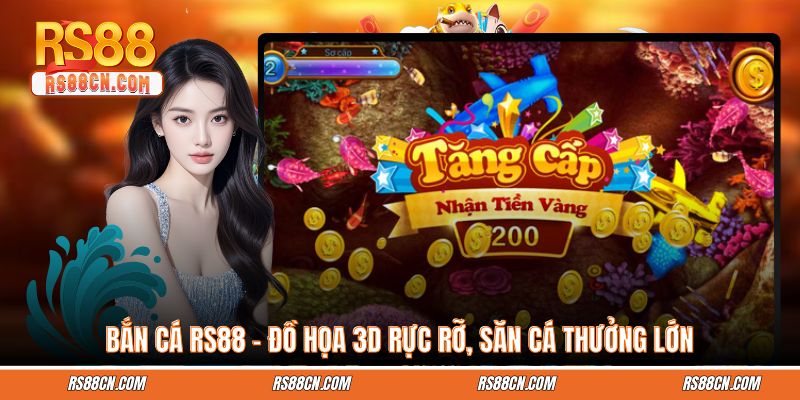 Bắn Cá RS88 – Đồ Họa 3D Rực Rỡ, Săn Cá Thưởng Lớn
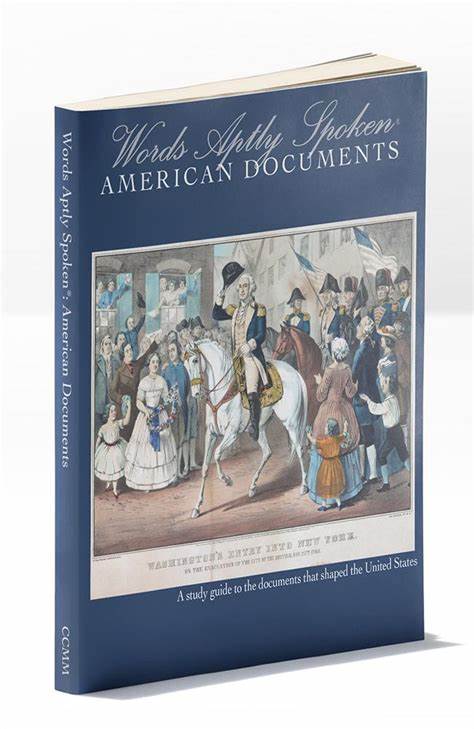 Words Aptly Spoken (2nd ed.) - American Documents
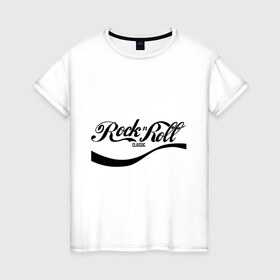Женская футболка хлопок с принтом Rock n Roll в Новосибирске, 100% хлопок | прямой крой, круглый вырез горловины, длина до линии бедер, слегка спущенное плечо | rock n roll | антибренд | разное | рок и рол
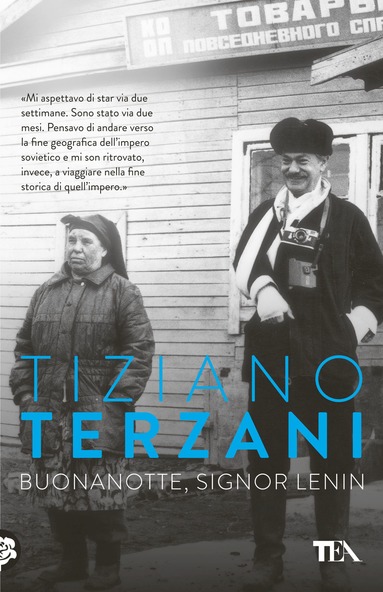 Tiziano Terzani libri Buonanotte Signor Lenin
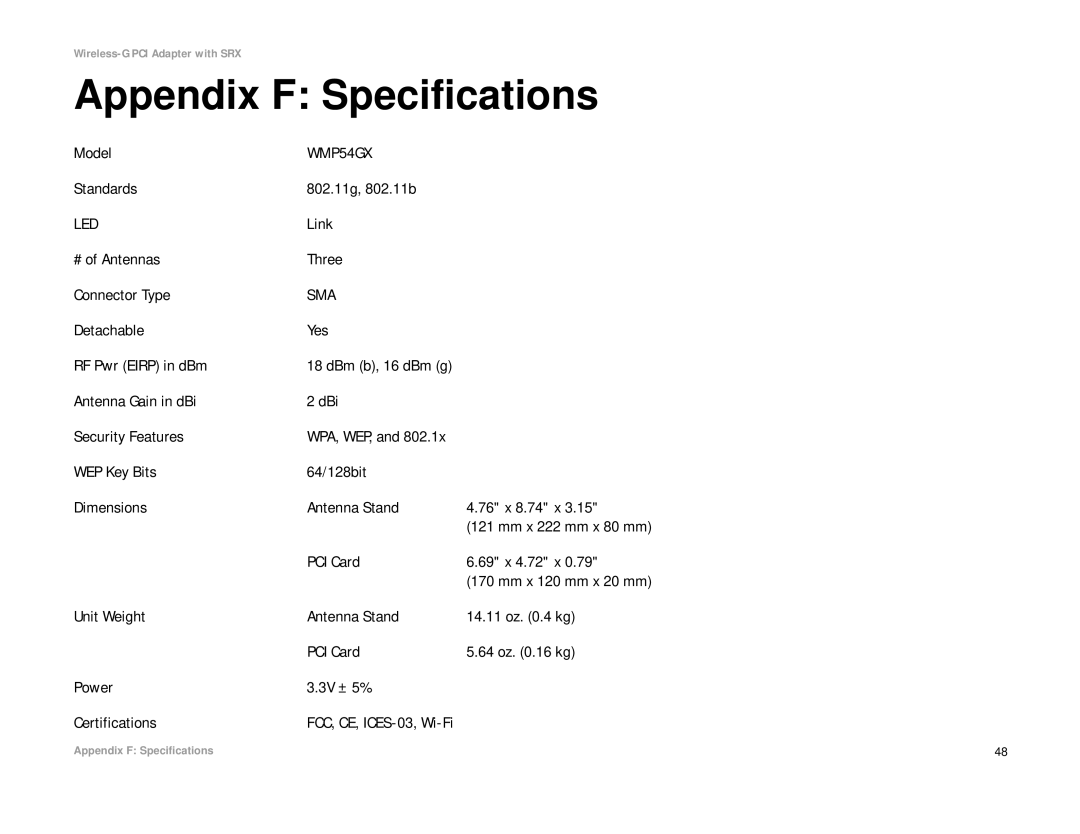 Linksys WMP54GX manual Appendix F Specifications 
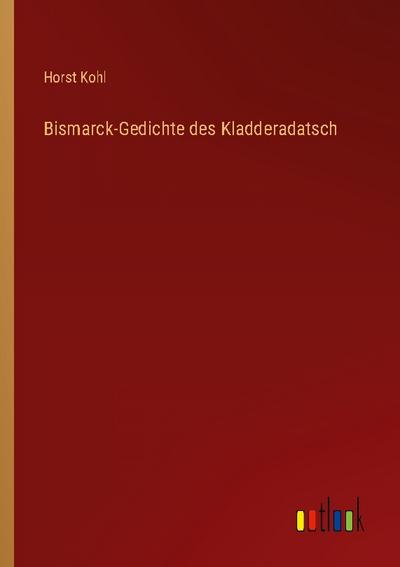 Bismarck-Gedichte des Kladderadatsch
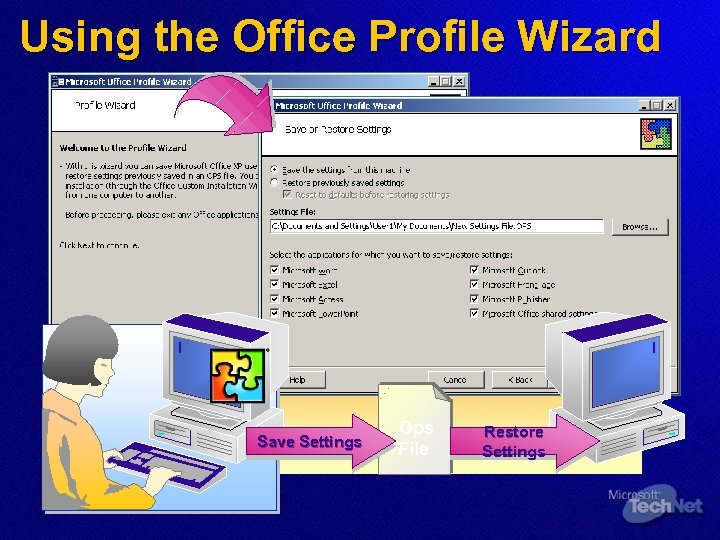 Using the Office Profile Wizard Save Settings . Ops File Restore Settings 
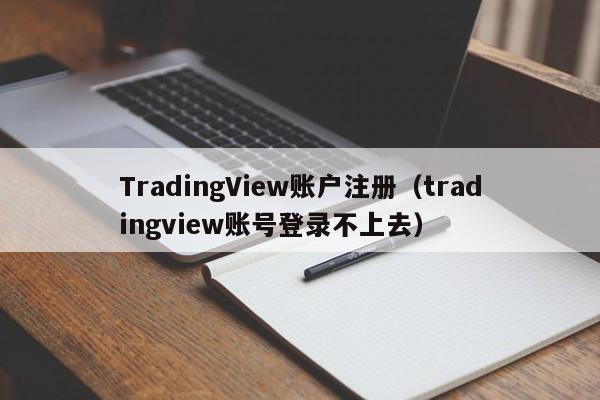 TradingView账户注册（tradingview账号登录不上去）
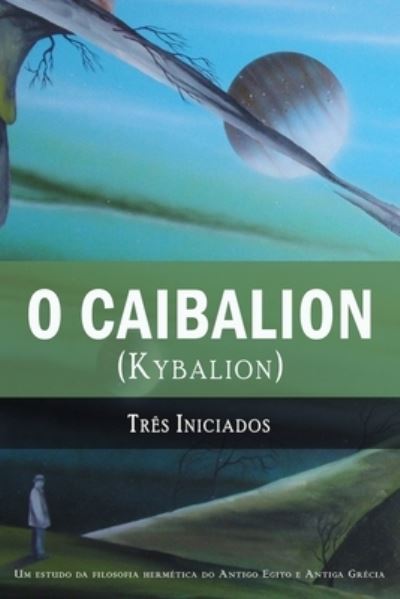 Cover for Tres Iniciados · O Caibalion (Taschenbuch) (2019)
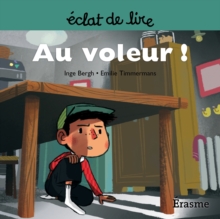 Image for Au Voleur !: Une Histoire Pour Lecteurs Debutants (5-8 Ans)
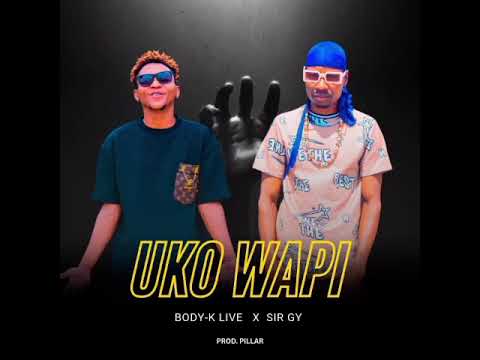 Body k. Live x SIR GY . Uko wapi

* * * * * * *

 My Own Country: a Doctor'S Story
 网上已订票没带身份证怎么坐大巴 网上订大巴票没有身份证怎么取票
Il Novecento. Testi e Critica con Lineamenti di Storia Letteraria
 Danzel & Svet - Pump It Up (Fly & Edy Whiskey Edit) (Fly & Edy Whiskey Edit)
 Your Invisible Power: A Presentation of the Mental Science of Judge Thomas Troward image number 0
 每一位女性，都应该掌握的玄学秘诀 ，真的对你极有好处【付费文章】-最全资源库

* * * * * * *

Quote the lines above exactly, starting with the one that has "Женская футболка хлопок" and ending with the one that has "Using the Office"; drop the pictures and include nothing else.

Женская футболка хлопок с принтом Rock n Roll в Новосибирске, 100% хлопок | прямой крой, круглый вырез горловины, длина до линии бедер, слегка спущенное плечо | rock n roll | антибренд | разное | рок и рол
 Tiziano Terzani libri Buonanotte Signor Lenin
 Linksys WMP54GX manual Appendix F Specifications 
 Bismarck-Gedichte des Kladderadatsch
 Using the Office Profile Wizard Save Settings . Ops File Restore Settings 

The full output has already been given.